[Entries taken from a collection]
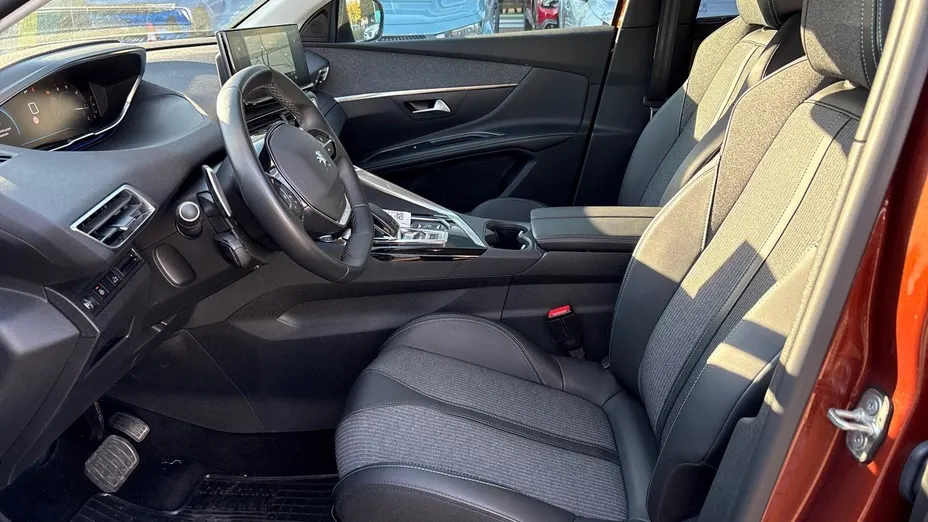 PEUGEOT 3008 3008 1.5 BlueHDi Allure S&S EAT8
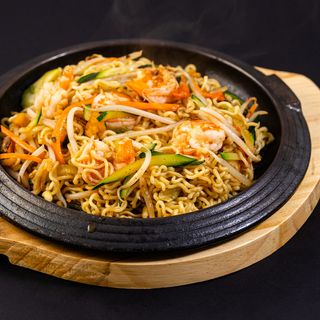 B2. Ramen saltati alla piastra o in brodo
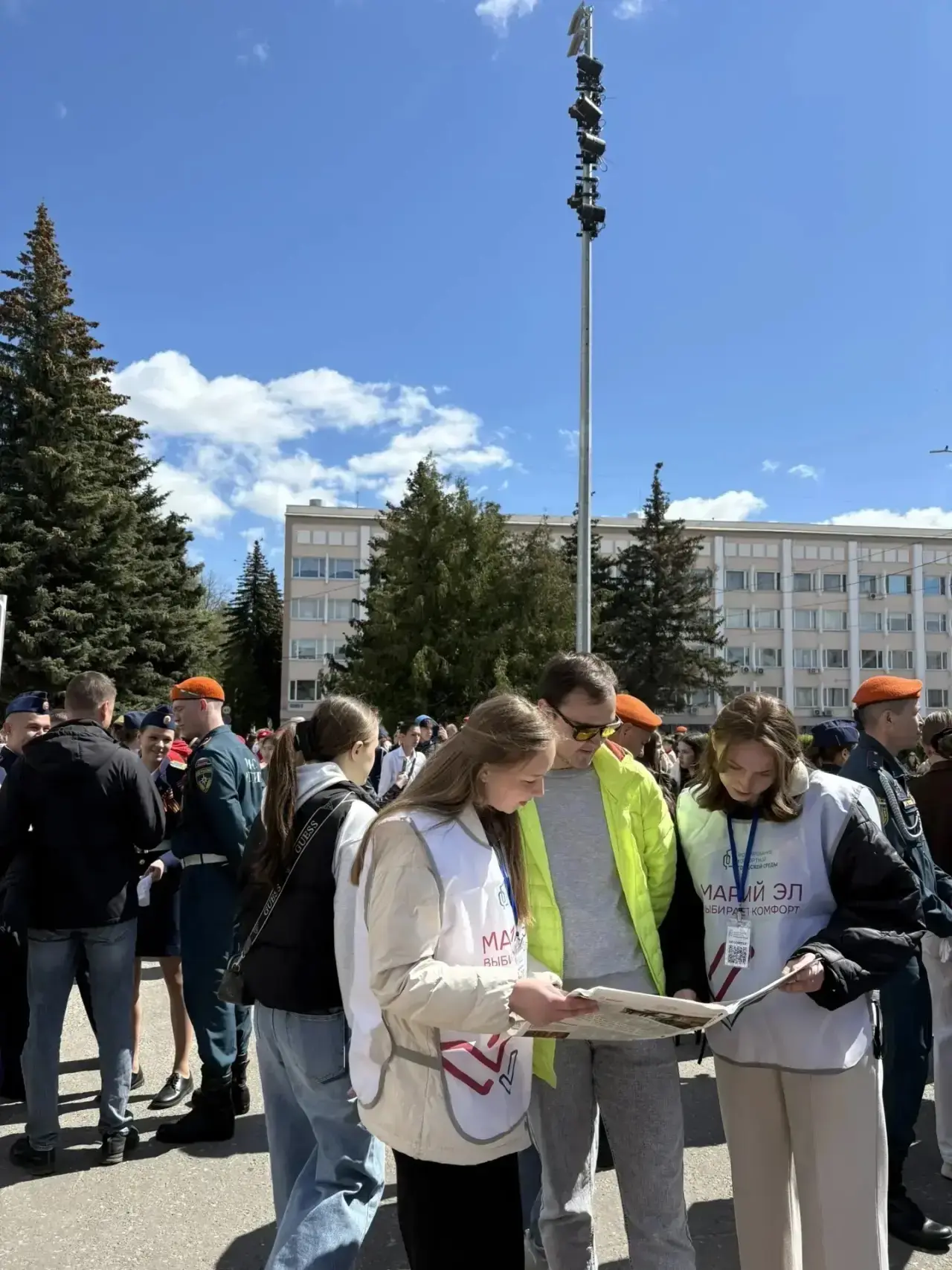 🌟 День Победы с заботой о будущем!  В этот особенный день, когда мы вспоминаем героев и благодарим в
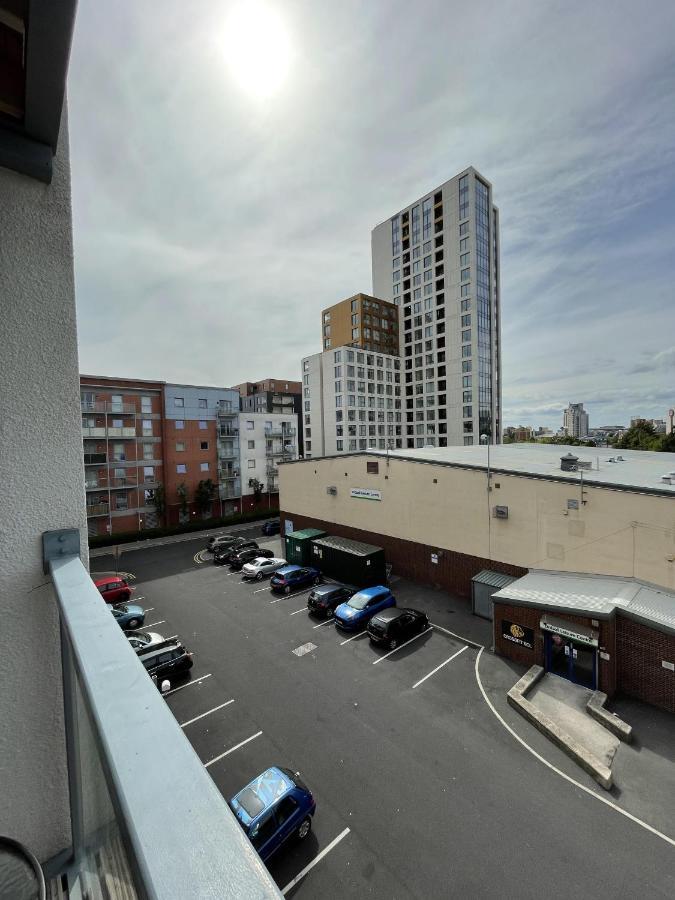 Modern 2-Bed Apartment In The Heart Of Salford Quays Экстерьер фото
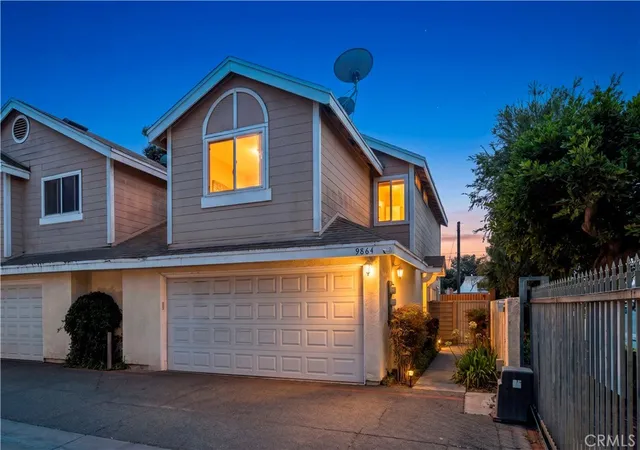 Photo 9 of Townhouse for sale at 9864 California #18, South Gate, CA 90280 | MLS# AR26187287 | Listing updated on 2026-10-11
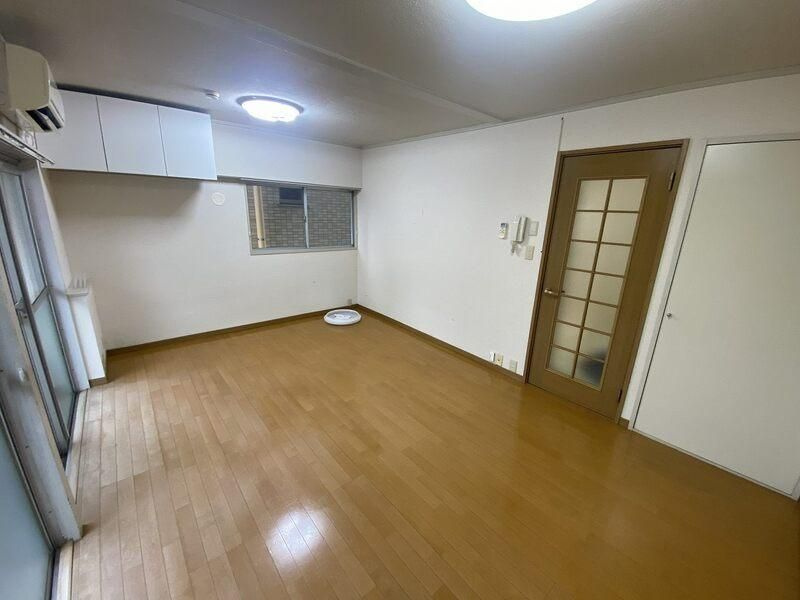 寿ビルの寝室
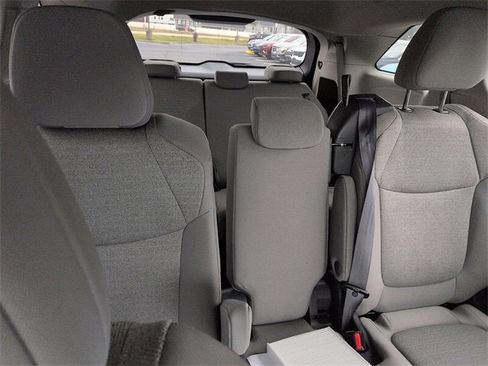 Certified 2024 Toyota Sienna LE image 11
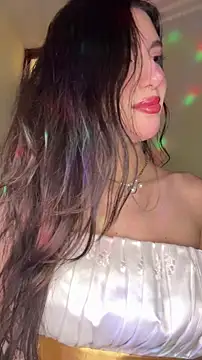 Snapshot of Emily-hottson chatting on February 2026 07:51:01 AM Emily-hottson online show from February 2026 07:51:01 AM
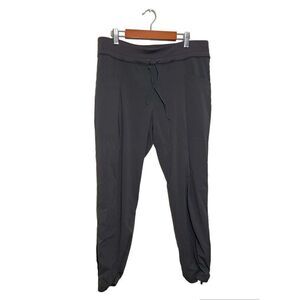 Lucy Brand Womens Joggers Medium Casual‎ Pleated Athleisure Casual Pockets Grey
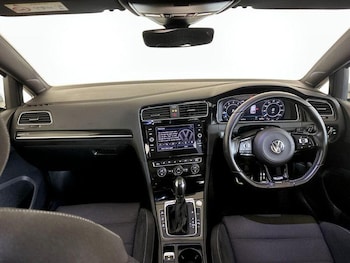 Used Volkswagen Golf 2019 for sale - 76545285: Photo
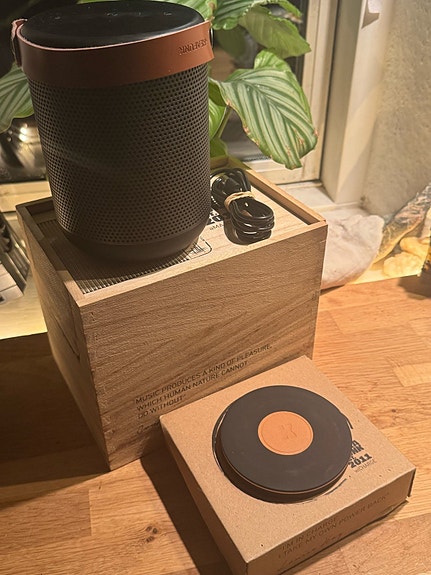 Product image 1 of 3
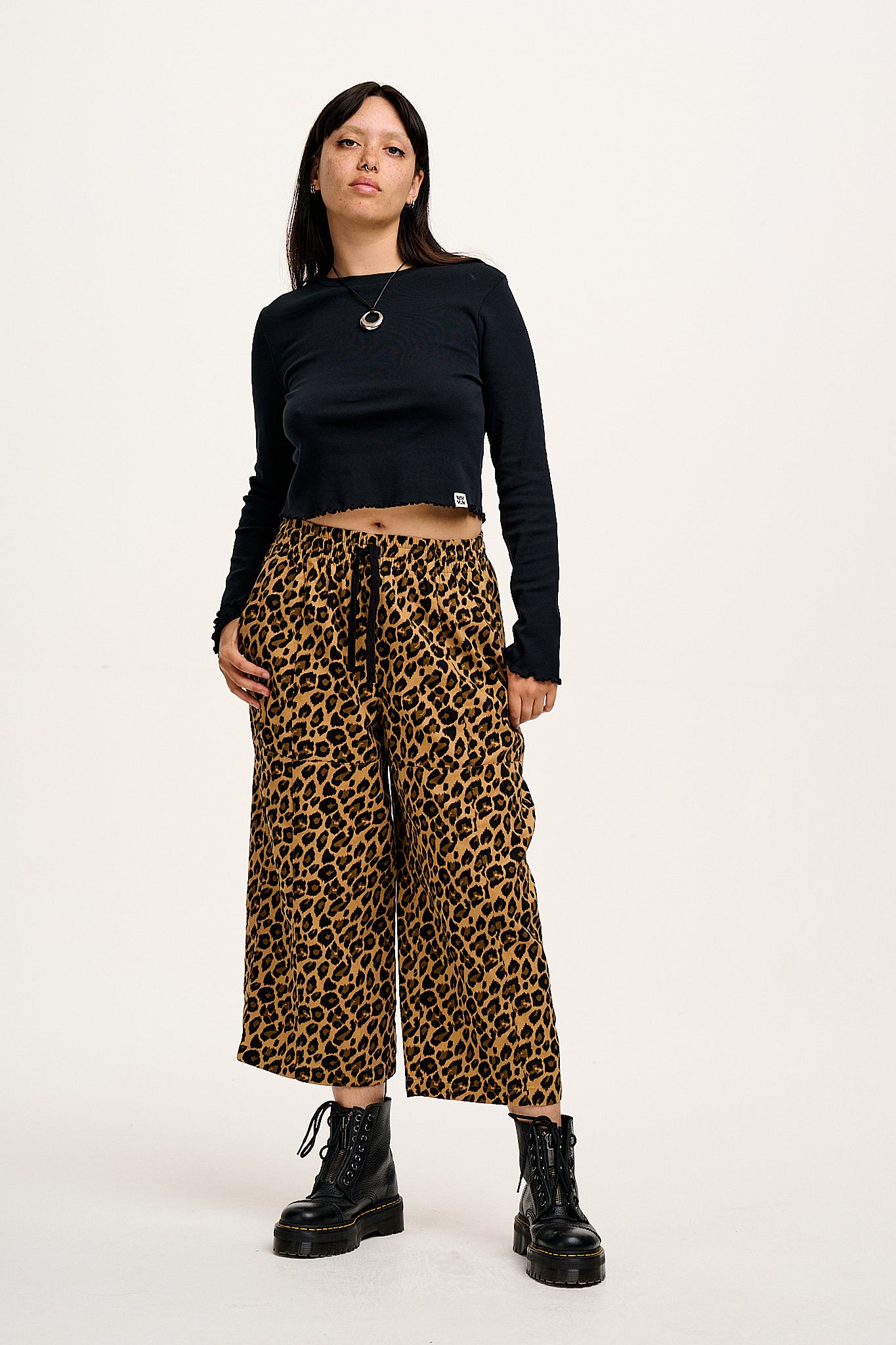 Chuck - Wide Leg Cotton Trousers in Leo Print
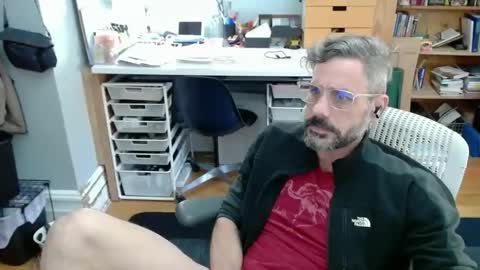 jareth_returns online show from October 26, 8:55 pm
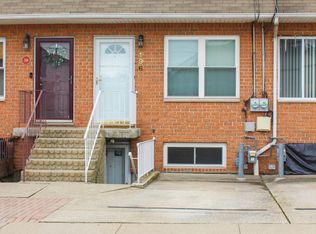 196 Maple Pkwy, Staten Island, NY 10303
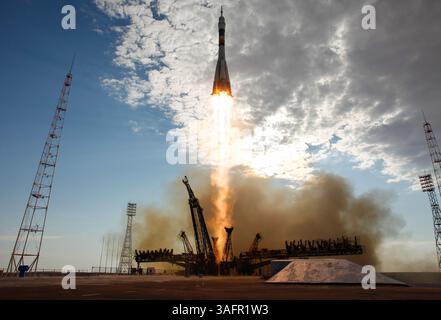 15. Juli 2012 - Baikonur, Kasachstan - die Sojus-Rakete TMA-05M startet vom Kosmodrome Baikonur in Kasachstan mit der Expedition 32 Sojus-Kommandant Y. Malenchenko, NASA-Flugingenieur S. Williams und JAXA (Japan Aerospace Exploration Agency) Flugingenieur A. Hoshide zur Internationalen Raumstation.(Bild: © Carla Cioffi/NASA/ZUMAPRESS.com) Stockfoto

▶ What you should do: Word for word, retype the lines from the one that contains "Snapshot of Emily-hottson" through the final line of the data, both ends included, excluding pictures.

▶ Task output:
 Snapshot of Emily-hottson chatting on February 2026 07:51:01 AM Emily-hottson online show from February 2026 07:51:01 AM
 Lucy Brand Womens Joggers Medium Casual‎ Pleated Athleisure Casual Pockets Grey
 Used Volkswagen Golf 2019 for sale - 76545285: Photo
 Product image 1 of 3
 Chuck - Wide Leg Cotton Trousers in Leo Print
 jareth_returns online show from October 26, 8:55 pm
 196 Maple Pkwy, Staten Island, NY 10303
 15. Juli 2012 - Baikonur, Kasachstan - die Sojus-Rakete TMA-05M startet vom Kosmodrome Baikonur in Kasachstan mit der Expedition 32 Sojus-Kommandant Y. Malenchenko, NASA-Flugingenieur S. Williams und JAXA (Japan Aerospace Exploration Agency) Flugingenieur A. Hoshide zur Internationalen Raumstation.(Bild: © Carla Cioffi/NASA/ZUMAPRESS.com) Stockfoto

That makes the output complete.